I did some paper work and brought the solution to $$f(n,k)=\frac{f(n-1,k-1)}{n} + \frac{(n-1)f(n-1,k)}{n}  $$ But I need a closed form solution. Is it possible to give results in O(1) or O( lg n) time (preprocessing is allowed but should not be of the order of O(n^2 ) or O( k^2)).
 A: The solution by Marvis would be really nice if it worked, but the formula for $f(n,1)$ fails when $n=0$, and this propagates to subsequent computation. By the way: although this is implicit in the recursive formula, it would help to specify $f(0,k)=0$ explicitly in the statement of the problem. 

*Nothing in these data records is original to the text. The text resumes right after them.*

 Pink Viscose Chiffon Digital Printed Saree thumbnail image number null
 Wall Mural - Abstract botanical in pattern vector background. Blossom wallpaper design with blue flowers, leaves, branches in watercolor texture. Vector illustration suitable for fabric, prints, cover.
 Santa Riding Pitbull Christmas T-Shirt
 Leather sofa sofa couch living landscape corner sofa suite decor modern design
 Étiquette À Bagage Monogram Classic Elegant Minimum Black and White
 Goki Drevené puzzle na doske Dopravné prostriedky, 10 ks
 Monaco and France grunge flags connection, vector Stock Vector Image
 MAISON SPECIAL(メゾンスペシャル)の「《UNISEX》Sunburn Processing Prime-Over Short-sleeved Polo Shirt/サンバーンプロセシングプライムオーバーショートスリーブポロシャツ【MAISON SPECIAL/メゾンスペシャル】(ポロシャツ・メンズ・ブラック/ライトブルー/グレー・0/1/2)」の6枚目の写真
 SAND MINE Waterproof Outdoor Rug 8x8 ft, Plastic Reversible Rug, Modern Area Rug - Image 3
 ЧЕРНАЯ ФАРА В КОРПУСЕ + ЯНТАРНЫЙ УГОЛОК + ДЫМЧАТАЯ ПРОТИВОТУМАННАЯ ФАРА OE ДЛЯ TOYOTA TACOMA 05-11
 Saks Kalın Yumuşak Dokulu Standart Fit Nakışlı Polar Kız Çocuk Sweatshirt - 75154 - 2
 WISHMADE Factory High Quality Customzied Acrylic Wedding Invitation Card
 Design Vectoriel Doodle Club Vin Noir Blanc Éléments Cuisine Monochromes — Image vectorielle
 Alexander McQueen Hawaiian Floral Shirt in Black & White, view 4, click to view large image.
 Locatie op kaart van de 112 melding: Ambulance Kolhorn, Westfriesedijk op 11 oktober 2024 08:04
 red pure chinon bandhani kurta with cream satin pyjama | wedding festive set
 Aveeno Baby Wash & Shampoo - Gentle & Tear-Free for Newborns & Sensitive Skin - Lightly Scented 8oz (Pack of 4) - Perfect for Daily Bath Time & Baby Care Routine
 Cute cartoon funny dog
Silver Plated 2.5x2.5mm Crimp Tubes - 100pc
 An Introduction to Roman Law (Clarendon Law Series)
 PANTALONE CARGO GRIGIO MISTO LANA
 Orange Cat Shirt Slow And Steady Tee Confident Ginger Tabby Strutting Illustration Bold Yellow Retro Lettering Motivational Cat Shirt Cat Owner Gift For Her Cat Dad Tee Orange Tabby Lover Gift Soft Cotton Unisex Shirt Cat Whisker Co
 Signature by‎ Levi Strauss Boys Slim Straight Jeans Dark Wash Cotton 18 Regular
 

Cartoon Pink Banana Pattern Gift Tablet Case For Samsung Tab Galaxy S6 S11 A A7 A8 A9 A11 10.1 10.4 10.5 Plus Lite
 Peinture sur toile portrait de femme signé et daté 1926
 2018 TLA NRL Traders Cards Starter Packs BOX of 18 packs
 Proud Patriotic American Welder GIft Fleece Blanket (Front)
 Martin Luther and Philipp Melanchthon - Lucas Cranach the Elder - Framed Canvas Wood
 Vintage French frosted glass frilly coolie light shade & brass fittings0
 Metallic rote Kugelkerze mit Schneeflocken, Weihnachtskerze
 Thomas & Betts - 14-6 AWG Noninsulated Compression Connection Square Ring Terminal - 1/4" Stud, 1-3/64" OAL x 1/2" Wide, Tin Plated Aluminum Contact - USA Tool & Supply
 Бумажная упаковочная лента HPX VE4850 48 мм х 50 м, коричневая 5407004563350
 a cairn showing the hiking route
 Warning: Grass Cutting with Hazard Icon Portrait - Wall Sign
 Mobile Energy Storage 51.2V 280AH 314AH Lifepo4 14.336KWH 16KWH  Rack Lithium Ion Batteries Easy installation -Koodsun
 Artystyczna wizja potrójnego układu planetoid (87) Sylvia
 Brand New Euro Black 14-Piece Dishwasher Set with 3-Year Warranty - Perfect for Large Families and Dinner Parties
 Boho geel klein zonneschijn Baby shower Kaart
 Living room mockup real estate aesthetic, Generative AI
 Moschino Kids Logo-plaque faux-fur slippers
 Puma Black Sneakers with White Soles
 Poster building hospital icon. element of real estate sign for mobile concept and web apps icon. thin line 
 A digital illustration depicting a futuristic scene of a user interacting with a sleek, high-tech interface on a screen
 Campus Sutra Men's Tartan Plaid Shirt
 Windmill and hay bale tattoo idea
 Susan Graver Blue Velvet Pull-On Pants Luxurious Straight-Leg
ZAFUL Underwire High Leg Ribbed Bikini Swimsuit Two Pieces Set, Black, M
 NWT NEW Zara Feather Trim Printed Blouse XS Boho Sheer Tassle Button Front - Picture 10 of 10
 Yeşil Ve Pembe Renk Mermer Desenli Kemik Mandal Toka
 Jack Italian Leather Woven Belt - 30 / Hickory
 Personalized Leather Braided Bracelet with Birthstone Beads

Let's consider only $n\ge 1$ from now on. Then $f(n,1) = \frac12(n-1)$ holds, and 
$$f(n,2) = \frac{1}{2n} \sum_{i=1}^{n-1}(i-1) =\frac{1}{2n} \left\{\frac{n(n-1)}{2}-n+1\right\} 
= \frac{n-3}{4} +\frac{1}{2n} \tag1$$
Using the notation $H_n=1+\frac12+\dots+\frac1{n}$ for harmonic numbers, we find
$$\begin{align}f(n,3) & = \frac{1}{4n} \sum_{i=1}^{n-1}(i-3) + \frac{1}{2n}\sum_{i=1}^{n-1} \frac{1}{i} = \frac{1}{4n} \left\{ \frac{n(n-1)}{2} -3n+3\right\}+\frac{H_{n-1}}{2n}
\\ &= \frac{n-7}{8} +\frac{3}{4n}+\frac{H_{n-1}}{2n} \end{align} \tag2$$
This brings an unpleasant realization: if we could compute $f(n,3)$ in $O(1)$, then the same could be done for the harmonic numbers. I looked around for algorithms for computing $H_n$ and found  this discussion. Did not read carefully, but maybe it can be optimized to $O(\lg n)$.  
Moving forward, we encounter the sums of $H_{n-1}/n$. A superficially(?) similar concept is hyperharmonic numbers, defined by $H_n^{(1)}=H_n$ and  $H_n^{(r)}=\sum_{i=1}^n H_n^{(r-1)}$ when $r\ge 2$. The formula by Conway and Guy (e.g., here) tells us that $r$ adds very little complexity:
$$H_n^{(r)} = \binom{n+r-1}{r-1}(H_{n+r-1}-H_{r-1}) \tag3$$
Unfortunately, $n$ in the denominator of $H_{n-1}/n$ does not allow the hyperharmonic numbers to appear, as far as I can tell.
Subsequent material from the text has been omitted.